WHAT YOU WILL DO
Each line of data below is to be returned exactly, leaving out any picture.

(Captioned web images)

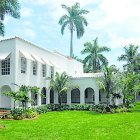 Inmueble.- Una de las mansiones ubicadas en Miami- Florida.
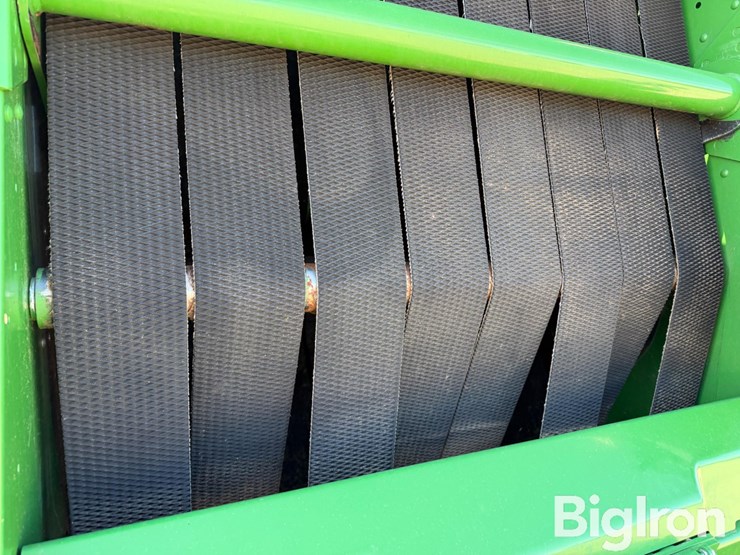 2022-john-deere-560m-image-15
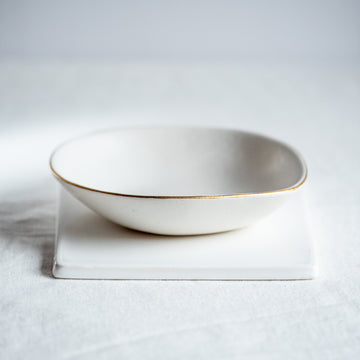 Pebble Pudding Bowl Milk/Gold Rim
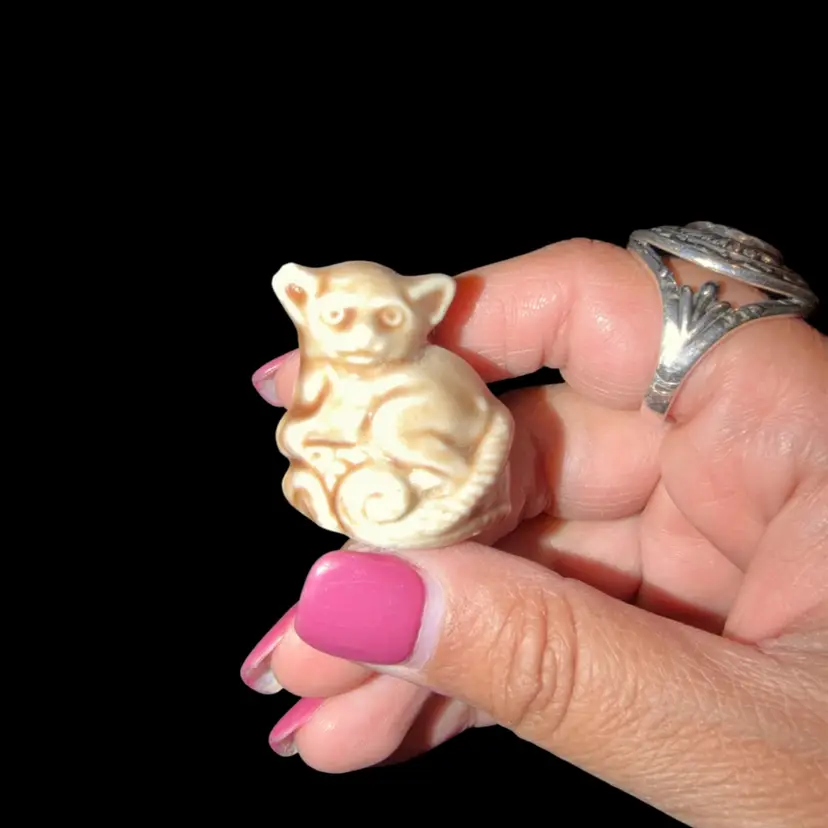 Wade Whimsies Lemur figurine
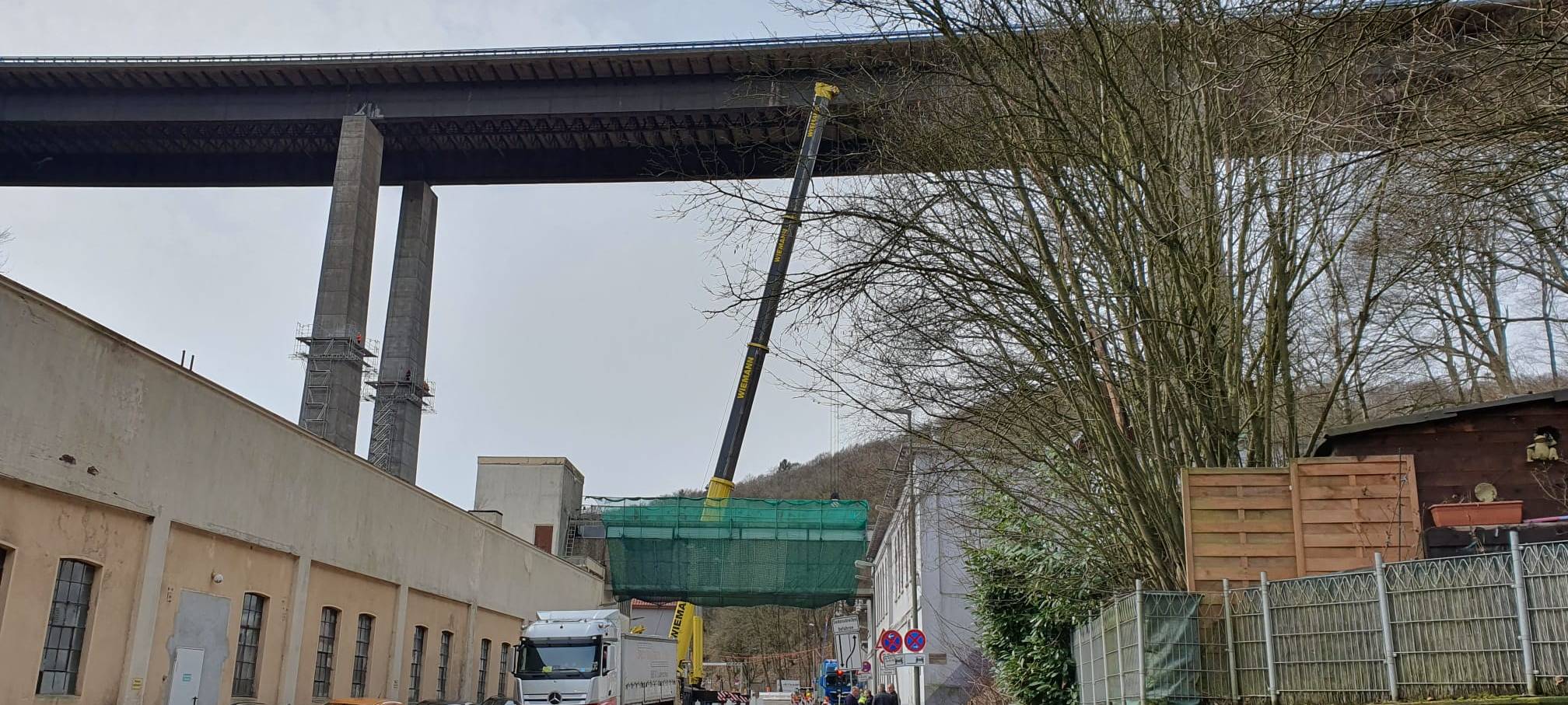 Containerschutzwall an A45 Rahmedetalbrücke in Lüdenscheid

WRITTEN SOLUTION
 Inmueble.- Una de las mansiones ubicadas en Miami- Florida.
 2022-john-deere-560m-image-15
 Pebble Pudding Bowl Milk/Gold Rim
 Wade Whimsies Lemur figurine
 Containerschutzwall an A45 Rahmedetalbrücke in Lüdenscheid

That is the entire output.